GIVEN INFORMATION:
'''
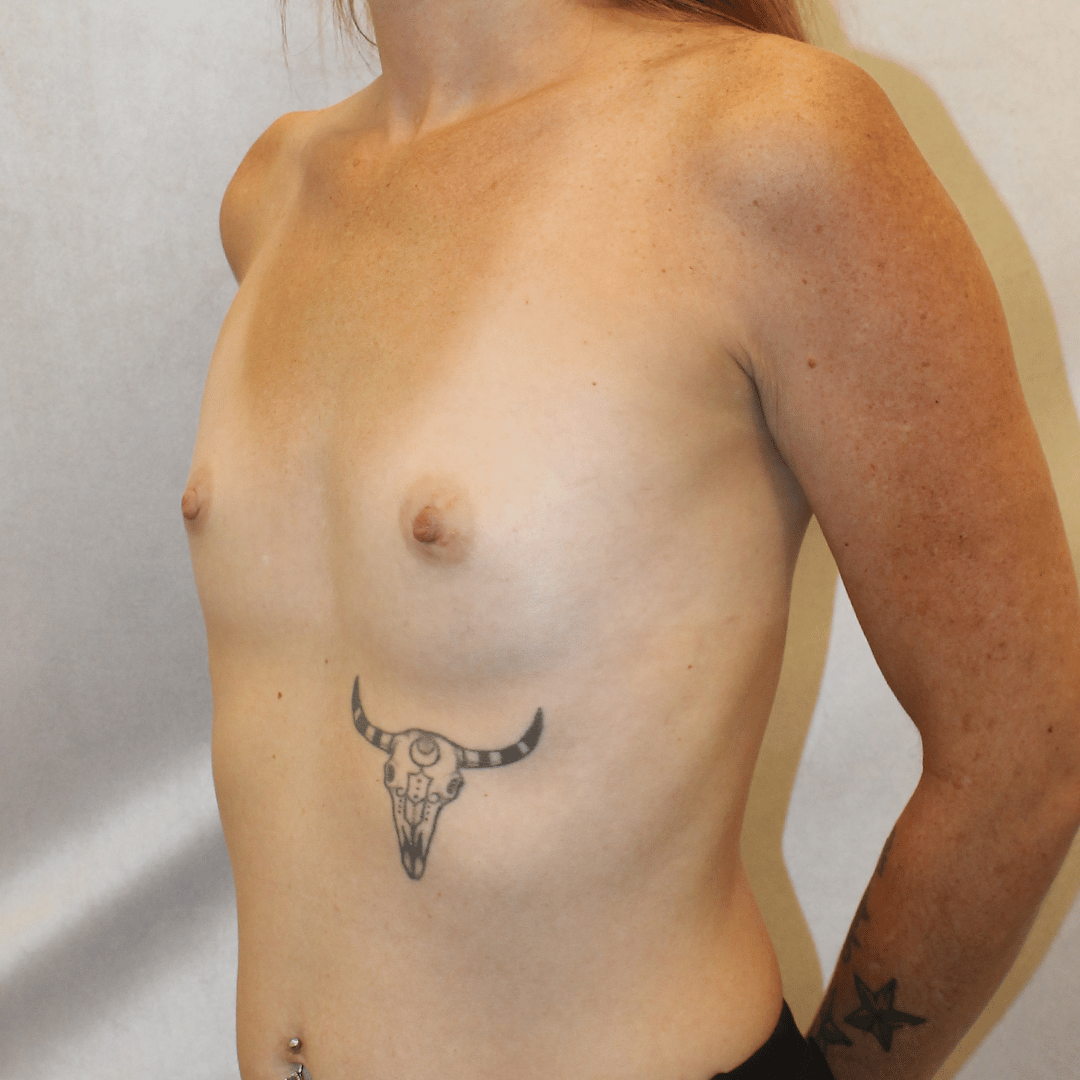 Before Image:  - left-front-oblique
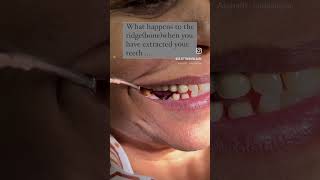 Your teeth r important dentalvideos dentalhygiene ashortaday trending dentallife youtubeshorts [upl. by Aidyn258]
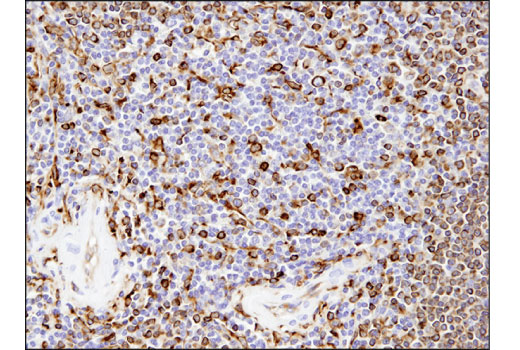 Immunohistochemistry Image 3: CD74 (D5N3I) Rabbit Monoclonal Antibody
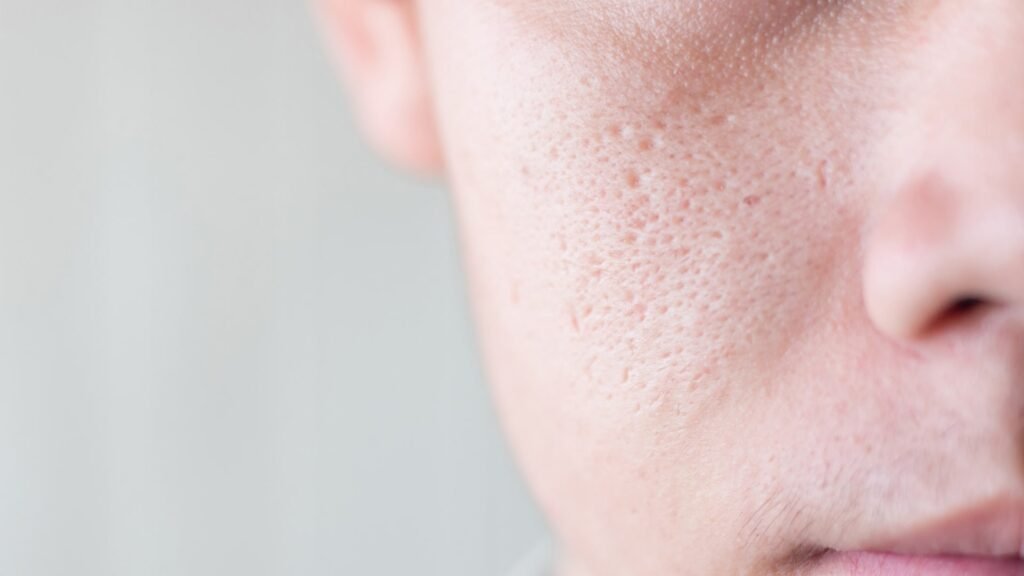 open pores treatment in Pune, best open pores treatment in Pune, advanced open pores treatment in Pune, open pores clinic in Pune, laser treatment for open pores in Pune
'''
TASK TO CARRY OUT: Give back the full listing exactly as written, only without its pictures.

SOLUTION TO THIS EXERCISE:
 Before Image:  - left-front-oblique
 Your teeth r important dentalvideos dentalhygiene ashortaday trending dentallife youtubeshorts [upl. by Aidyn258]
 Immunohistochemistry Image 3: CD74 (D5N3I) Rabbit Monoclonal Antibody
 open pores treatment in Pune, best open pores treatment in Pune, advanced open pores treatment in Pune, open pores clinic in Pune, laser treatment for open pores in Pune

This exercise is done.